Russia made its case to the world Saturday for its war in Ukraine, repeating a series of grievances about its neighbour and the West to tell the UN General Assembly (UNGA) meeting of leaders that Moscow had “no choice” but to take military action.

After days of denunciations of Russia at the prominent diplomatic gathering, Foreign Minister Sergey Lavrov sought to shift the focus to Washington. His speech centered on a claim that the United States and its allies — not Russia, as the West maintains — are aggressively undermining the international system that the UN represents.

The Ukraine war has largely dominated the discussion at the assembly's big annual meeting, and many countries have laid into Russia for its Feb. 24 invasion — denouncing its nuclear threats, alleging it has committed atrocities and war crimes.
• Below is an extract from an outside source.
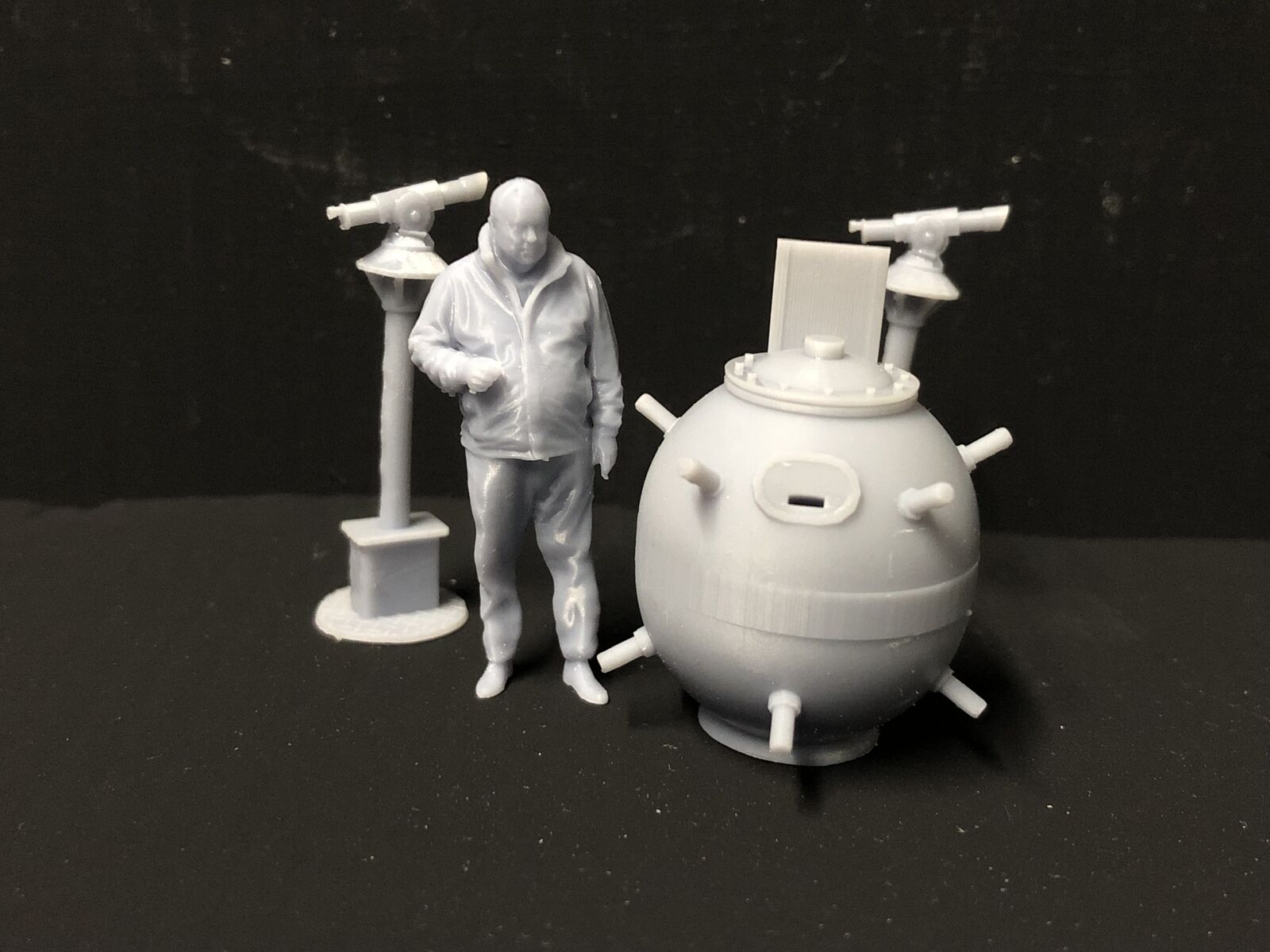 Gauge 1 (1/32) unpainted model railway seaside charity sea mine with promenade telescopes, supplied as a detail kit.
The speeches came amid voting in Russian-occupied parts of eastern and southern Ukraine on whether to join Russia. Moscow characterizes the referendums as self-determination, but Kyiv and its Western allies view them as Kremlin-orchestrated shams with a foregone conclusion.
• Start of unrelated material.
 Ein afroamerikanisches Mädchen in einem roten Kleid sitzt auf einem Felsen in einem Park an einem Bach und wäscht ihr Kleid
Some observers think the expected outcome could serve as a pretext for Russian President Vladimir Putin eventually to escalate the war further.

“We can expect President Putin will claim any Ukrainian effort to liberate this land as an attack on so-called Russian territory,'" US Secretary of State Antony Blinken warned the U.N. Security Council on Thursday.

Lavrov dismissed the complaints as the West “throwing a fit” about people making a choice on where they feel they belong.

Russia has offered a number of explanations for what it calls its “special military operation” in Ukraine. Lavrov recapped a couple: risks to Russia from what it considers a hostile government in Kyiv and a NATO alliance that has expanded eastward over the years and relieving Russians living in Ukraine — especially its eastern region of the Donbas — of what Moscow views as the Ukrainian government's oppression.

The aim was “to remove the threats against our security, which NATO has been consistently creating in Ukraine,” he explained.

While Ukraine has recently driven Russian troops from some areas in the northeast, Ukrainian President Volodymyr Zelenskyy earlier this week warned the assembly that he believes Moscow wants to spend the winter getting ready for a new offensive or at least preparing fortifications while mobilizing more troops.

Regardless, he declared that his forces will ultimately oust Russian troops from all of Ukraine.

The war has disrupted the trade of Ukrainian and Russian grain and Russian fertiliser, touching off a global food crisis. A deal recently brokered by the UN and Turkey has helped get Ukrainian grain moving, but fertiliser shipments have proved more difficult.

At the Security Council on Thursday, Ukraine and Russia faced off, in a rare moment when Lavrov and his Ukrainian counterpart, Dmytro Kuleba, were in the same room — though they kept their distance.

The General Assembly voted overwhelmingly in March to deplore Russia's aggression against Ukraine, call for immediate withdrawal of all Russian forces, and urge protection for millions of civilians. The next month, members agreed by a smaller margin to suspend Russia from the UN Human Rights Council.